En clase hemos hablado del principio de Dilbert, ese concepto que parece una broma pero que, cuanto más lo piensas, más sentido tiene. Scott Adams, el creador de la tira cómica Dilbert, lo formuló con ironía:
“Las empresas tienden a promocionar a sus empleados hasta alcanzar su nivel de incompetencia.”
En otras palabras: si eres bueno en tu trabajo, te ascienden; si sigues haciéndolo bien, te vuelven a ascender; y así, hasta que llegas a un puesto donde dejas de ser competente. Ahí te quedas.
Y lo peor es que ese puesto, muchas veces, implica tomar decisiones que afectan a los demás.
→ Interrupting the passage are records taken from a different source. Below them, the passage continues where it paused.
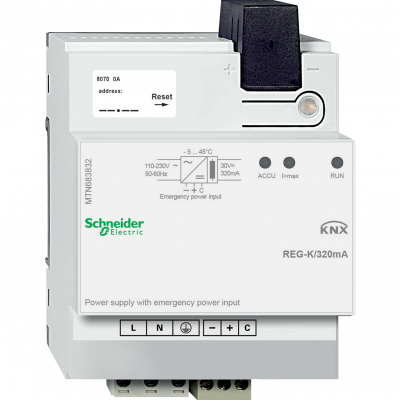 KNX zasilacz REG-K 320mA jasnoszary do podłączenia zasilacza awaryjnego MTN683832 SCHNEIDER (MTN683832)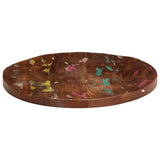 Table Top Ø 50x1.5 cm Round Solid Wood Reclaimed - Top-Down View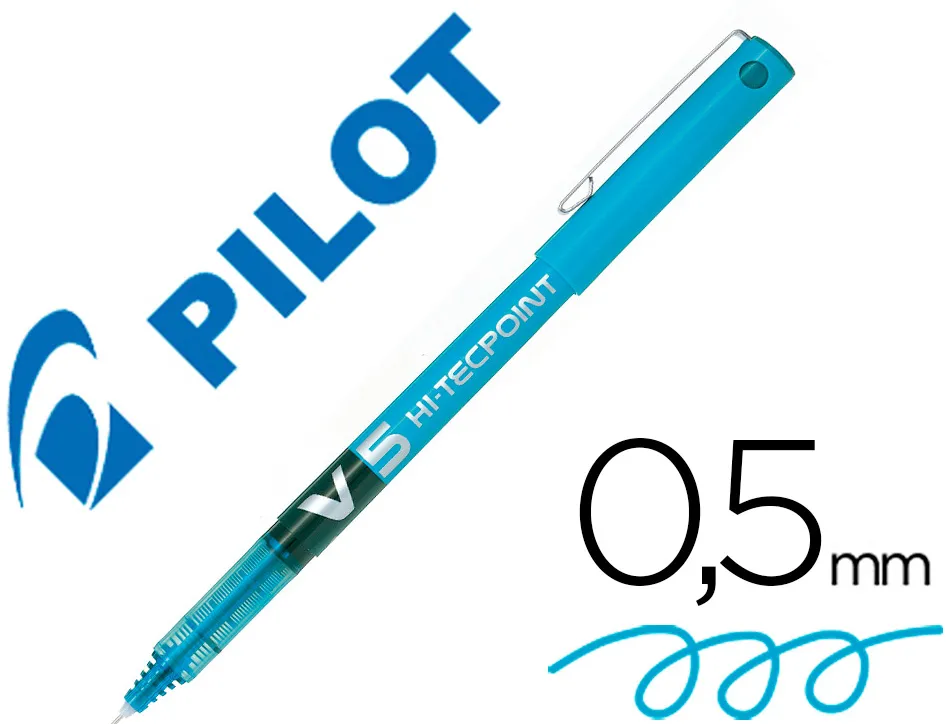 Stylo pilot v5 écriture fine 0.3mm clip métal encre liquide niveau visible pointe indéformable coloris turquoise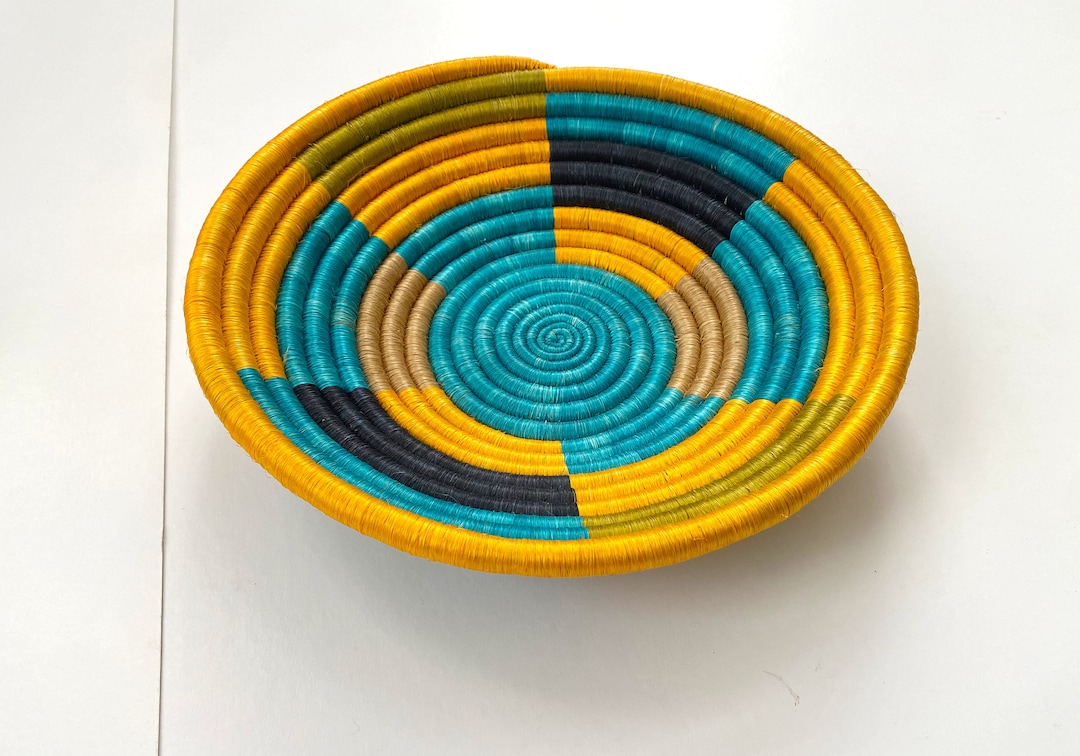 Colorful African Wall Basket, Bright Wall Decor, Rwanda Basket, Boho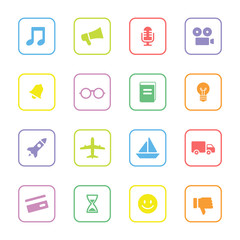 colorful web icon set 5 with rounded rectangle frame for web design, user interface (UI), infographic and mobile application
Cuando el principio de Dilbert se siente real
Recuerdo que hace unos meses, en un proyecto universitario, nos repartimos los roles de forma “lógica”: quien más sabía de programación se encargaba de la parte técnica, y quien tenía más soltura hablando se quedaba con la presentación.
Hasta ahí, todo bien.
Pero conforme el proyecto avanzaba, el compañero que lideraba el equipo —que había demostrado ser buen organizador en trabajos anteriores— empezó a tomar decisiones sobre el código sin entender realmente cómo funcionaba. Al principio eran detalles pequeños, pero pronto se convirtió en una cadena de correcciones innecesarias, cambios de rumbo y tareas duplicadas.
No lo hacía con mala intención, simplemente había llegado a un punto donde sus habilidades de liderazgo ya no eran suficientes para lo que requería el rol.
Y pensé: “Esto es exactamente el principio de Dilbert, versión universitaria.”
Ahora, sumemos la inteligencia artificial
Con el avance de la inteligencia artificial, esta situación puede acentuarse. La IA está cambiando la forma en que trabajamos: automatiza tareas, analiza datos, redacta textos, programa, diseña… y cada vez lo hace mejor.
El problema aparece cuando los que dirigen los proyectos no entienden lo que la IA hace, o incluso se dejan guiar sin pensar en lo que la IA les dicta. Pueden terminar tomando decisiones sin comprender las limitaciones, los sesgos o incluso los riesgos éticos de las herramientas que gestionan.
Así podríamos estar entrando en una nueva era del principio de Dilbert:
donde la incompetencia no surge por ascensos mal planteados, sino por una falsa sensación de control frente a sistemas que nos superan en complejidad.
La solución: aprender antes que delegar
La tecnología no es el enemigo. El peligro está en usarla sin criterio.
Quizás el antídoto al principio de Dilbert sea justo el contrario: en lugar de ascender por costumbre o automatizar por moda, aprender lo suficiente para entender lo que estamos decidiendo.
Porque la inteligencia artificial puede hacer muchas cosas por nosotros, pero aún no puede reemplazar algo esencial: el juicio humano.